Has anyone made it like this or have a recipe for it?
Also, where would a guy from Missouri find sugar cane? Does it really matter that much if it's not smoked with sugar cane? If it does, is there a substitute?
Thanks folks.
 
Gunslinger
I've never made andouille with potatoes and onions in it, but here's the recipe that I use when I make it. It's hot, you might be warned to drop the cayenne pepper by half to start out with. I would see no problem in adding chopped onions, maybe a cup or two, and perhaps an equal amount of potatoes (small cubes) to the recipe.

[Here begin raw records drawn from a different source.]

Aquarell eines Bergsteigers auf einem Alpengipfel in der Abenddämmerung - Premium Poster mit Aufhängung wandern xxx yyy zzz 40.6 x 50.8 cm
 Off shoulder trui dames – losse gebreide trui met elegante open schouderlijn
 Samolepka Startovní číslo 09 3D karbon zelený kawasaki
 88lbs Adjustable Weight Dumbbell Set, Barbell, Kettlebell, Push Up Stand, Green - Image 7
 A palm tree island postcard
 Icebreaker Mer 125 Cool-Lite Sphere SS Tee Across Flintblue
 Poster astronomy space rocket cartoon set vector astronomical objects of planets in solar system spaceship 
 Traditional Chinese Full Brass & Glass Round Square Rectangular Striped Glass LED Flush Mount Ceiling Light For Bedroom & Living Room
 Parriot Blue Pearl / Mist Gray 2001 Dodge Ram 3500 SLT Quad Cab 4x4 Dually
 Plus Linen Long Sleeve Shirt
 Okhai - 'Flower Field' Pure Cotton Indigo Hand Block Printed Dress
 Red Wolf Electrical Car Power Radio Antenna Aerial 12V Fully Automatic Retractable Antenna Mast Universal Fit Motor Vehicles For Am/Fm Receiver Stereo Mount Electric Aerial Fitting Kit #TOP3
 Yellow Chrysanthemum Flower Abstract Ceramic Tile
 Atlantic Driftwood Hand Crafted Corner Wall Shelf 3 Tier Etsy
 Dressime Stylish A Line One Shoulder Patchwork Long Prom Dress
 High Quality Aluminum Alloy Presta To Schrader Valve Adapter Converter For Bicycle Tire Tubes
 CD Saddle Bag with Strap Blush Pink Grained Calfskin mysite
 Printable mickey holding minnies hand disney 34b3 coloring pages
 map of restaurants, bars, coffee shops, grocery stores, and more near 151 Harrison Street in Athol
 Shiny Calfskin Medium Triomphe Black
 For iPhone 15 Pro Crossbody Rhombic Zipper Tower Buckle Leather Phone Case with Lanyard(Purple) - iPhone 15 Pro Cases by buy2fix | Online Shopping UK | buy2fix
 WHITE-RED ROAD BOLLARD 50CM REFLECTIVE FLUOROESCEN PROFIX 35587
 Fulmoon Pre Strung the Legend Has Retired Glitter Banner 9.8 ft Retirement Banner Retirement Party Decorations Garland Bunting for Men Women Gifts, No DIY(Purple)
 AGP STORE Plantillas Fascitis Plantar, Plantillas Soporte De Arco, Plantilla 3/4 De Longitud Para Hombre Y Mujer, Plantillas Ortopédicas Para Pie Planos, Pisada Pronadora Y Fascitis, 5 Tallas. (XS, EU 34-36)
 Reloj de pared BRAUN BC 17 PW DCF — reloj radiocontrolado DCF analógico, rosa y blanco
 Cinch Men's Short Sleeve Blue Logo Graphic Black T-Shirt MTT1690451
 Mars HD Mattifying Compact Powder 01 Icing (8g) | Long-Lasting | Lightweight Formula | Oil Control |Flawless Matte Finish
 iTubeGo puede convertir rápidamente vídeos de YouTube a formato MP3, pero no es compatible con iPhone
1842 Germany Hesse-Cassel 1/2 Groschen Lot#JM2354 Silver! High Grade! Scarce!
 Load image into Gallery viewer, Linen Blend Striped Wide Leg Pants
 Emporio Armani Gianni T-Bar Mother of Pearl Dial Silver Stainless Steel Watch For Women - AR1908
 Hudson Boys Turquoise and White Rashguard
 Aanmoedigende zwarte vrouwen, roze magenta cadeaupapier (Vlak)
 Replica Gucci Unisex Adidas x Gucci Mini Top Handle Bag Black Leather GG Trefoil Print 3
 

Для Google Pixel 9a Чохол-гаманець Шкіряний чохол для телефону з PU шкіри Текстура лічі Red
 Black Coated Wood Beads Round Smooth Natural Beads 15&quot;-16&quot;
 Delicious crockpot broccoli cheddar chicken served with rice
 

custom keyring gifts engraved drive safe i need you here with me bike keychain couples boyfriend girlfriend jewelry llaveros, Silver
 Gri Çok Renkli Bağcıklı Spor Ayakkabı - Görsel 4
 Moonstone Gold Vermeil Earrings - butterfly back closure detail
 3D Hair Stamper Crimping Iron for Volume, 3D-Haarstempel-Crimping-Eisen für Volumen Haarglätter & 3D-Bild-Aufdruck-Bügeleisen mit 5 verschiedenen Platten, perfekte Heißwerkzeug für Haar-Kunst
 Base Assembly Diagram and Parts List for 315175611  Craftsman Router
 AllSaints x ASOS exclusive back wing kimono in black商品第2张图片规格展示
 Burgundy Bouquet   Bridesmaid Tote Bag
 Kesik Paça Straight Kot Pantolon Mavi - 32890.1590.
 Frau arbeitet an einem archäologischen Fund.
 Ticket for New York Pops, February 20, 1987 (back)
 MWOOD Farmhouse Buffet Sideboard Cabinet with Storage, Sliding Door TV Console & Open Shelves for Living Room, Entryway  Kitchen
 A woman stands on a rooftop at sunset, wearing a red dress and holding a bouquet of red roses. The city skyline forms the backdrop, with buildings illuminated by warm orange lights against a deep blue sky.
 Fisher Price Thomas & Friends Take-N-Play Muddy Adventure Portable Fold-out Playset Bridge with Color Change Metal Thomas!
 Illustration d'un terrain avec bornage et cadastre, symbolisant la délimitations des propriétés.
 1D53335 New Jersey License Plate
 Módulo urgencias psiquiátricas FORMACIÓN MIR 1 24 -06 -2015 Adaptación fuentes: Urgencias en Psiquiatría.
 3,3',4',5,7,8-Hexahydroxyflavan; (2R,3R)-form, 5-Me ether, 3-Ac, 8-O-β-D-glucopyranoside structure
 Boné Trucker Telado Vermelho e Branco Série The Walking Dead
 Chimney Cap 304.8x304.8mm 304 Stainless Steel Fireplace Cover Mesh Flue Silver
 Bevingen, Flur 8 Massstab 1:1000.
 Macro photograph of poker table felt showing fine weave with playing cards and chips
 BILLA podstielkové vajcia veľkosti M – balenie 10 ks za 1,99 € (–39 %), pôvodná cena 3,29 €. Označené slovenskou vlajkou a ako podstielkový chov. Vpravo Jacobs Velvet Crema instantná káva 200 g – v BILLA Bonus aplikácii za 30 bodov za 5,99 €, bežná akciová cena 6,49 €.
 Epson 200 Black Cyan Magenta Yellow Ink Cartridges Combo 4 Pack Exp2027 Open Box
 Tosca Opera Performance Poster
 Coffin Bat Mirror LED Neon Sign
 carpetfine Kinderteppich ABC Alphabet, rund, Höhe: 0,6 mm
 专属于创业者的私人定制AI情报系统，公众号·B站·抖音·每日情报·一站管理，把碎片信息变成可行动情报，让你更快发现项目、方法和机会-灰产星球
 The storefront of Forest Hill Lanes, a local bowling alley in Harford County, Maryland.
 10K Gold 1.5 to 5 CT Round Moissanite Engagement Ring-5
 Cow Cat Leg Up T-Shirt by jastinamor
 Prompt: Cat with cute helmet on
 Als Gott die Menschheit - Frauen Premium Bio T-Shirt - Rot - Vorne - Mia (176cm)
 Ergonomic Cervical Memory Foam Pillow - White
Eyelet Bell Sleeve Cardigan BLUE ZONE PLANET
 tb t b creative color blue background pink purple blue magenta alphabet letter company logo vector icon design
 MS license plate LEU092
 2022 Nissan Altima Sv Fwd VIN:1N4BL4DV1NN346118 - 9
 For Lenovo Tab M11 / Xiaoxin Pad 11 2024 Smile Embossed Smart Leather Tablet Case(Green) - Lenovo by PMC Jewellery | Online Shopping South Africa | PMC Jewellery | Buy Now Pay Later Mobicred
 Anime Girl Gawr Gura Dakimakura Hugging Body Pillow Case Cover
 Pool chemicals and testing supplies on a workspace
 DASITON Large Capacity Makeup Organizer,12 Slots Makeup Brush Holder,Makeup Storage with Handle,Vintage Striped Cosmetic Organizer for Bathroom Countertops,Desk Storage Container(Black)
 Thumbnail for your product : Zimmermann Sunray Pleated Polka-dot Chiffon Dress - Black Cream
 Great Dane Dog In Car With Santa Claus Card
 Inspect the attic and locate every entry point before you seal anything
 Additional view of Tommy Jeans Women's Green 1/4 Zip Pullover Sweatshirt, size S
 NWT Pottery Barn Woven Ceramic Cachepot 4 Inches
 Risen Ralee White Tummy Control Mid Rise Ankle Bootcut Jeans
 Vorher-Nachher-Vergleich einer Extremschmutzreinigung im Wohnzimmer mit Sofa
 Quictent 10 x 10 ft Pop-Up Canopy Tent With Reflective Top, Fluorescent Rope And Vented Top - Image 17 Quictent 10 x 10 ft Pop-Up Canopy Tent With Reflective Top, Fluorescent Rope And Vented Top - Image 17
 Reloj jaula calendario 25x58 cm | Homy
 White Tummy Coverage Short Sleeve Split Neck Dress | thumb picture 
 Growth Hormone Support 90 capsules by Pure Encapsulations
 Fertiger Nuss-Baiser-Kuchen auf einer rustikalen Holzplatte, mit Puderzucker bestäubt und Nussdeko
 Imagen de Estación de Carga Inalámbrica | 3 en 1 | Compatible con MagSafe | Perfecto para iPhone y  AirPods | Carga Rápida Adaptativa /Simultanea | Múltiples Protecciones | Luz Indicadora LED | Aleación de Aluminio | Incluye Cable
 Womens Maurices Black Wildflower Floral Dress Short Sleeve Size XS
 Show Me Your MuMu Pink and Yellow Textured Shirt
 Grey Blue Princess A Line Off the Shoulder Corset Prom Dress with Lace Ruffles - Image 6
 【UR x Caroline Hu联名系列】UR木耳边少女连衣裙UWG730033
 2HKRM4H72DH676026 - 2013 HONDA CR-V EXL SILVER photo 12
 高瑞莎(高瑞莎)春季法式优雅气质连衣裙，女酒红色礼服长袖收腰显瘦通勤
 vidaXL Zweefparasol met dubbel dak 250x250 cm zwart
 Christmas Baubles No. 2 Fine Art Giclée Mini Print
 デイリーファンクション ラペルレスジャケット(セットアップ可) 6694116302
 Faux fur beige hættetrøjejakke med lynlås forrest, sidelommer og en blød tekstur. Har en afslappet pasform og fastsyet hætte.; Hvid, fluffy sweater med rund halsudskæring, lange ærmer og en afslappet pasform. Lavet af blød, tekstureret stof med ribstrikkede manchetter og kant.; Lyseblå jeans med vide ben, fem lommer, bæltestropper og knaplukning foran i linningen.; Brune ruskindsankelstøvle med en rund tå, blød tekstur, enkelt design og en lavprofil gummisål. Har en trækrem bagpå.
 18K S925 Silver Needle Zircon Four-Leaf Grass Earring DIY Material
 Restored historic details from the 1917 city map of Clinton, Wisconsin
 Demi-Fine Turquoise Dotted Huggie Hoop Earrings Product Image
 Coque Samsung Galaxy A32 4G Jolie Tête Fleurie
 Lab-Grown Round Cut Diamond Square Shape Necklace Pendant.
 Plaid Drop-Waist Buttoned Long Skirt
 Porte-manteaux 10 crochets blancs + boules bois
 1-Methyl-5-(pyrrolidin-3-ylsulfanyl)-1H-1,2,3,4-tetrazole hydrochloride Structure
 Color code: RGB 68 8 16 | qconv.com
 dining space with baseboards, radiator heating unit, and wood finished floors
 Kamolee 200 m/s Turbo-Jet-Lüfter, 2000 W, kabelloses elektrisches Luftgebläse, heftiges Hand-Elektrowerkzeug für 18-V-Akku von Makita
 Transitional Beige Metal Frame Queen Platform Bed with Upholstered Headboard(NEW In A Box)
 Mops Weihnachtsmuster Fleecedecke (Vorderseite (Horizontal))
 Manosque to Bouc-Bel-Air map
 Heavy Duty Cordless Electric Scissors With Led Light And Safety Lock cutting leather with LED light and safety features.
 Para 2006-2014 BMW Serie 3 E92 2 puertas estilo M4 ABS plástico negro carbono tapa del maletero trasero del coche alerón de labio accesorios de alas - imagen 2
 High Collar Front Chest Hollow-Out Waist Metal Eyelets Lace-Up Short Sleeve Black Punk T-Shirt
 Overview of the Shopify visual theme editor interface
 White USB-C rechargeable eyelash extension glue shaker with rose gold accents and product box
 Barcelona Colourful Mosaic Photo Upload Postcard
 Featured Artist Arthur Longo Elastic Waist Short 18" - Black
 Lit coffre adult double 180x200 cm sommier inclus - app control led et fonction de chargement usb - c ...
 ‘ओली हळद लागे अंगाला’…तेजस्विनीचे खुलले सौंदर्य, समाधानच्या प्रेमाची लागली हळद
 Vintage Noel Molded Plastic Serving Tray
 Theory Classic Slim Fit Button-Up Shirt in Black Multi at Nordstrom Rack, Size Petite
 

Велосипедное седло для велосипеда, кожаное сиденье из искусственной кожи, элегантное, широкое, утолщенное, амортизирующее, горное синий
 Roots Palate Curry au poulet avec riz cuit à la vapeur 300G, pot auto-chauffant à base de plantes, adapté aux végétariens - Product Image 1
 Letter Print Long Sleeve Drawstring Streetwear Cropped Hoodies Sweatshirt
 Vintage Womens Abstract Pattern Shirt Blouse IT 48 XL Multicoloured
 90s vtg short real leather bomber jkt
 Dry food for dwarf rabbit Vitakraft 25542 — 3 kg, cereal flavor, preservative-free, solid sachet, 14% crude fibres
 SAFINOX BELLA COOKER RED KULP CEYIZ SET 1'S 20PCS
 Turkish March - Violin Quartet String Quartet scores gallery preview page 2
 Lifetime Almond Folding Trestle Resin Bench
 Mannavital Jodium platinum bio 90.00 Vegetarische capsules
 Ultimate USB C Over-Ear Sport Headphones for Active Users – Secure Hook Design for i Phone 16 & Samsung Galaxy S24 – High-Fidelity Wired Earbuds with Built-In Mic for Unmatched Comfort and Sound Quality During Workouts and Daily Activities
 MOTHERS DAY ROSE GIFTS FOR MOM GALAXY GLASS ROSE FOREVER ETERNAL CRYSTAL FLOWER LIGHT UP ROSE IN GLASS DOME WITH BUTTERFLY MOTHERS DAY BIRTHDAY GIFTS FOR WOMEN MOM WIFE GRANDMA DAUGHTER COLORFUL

Andouille - Chef John Folse's (Cajun Sausage)

5 pounds pork butt
1/2 pound pork fat
1/2 cup chopped garlic
1/4 cup cracked black pepper
2 tablespoons cayenne pepper
1 tablespoon dry thyme
4 tablespoons salt
6 feet beef middle casing (from butcher)

Cube pork butt into one and a half inch cubes. Using a meat grinder with four one quarter inch holes in the grinding plate, grind pork and pork fat. If you do not have a grinding plate this size, I suggest hand cutting pork butt into one quarter inch square pieces. Place ground pork in large mixing bowl and blend in all remaining ingredients. Once well blended, stuff meat into casings in one foot links, using the sausage attachment on your meat grinder. Tie both ends of the sausage securely using a heavy gauge twine. In your home-style smoker, smoke andouille at 175-200F for approximately four to five hours using pecan or hickory wood. The andouille may then be frozen and used for seasoning gumbos, white or red beans, pastas or grilling as an hors d'oeuvre. - - - - - - - - - - - - - - - - - - NOTES : Andouille is the Cajun smoked sausage so famous nationally today. Made with pork butt, shank and a small amount of pork fat, this sausage is seasoned with salt, cracked black pepper and garlic. The andouille is then slowly smoked over pecan wood and sugar cane. True andouille is stuffed into the beef middle casing which makes the sausage approximately one and a half inches in diameter. When smoked, it becomes very dark to almost black in color. It is not uncommon for the Cajuns to smoke andouille for seven to eight hours at approximately 175F. Traditionally, the andouilles from France were made from the large intestines and stomach of the pig, seasoned heavily and smoked. In parts of Germany, where some say andouille originated, the sausage was made with all remaining intestines and casings pulled through a larger casing, seasoned and smoked. It was served thinly sliced as an hors d'oeuvre.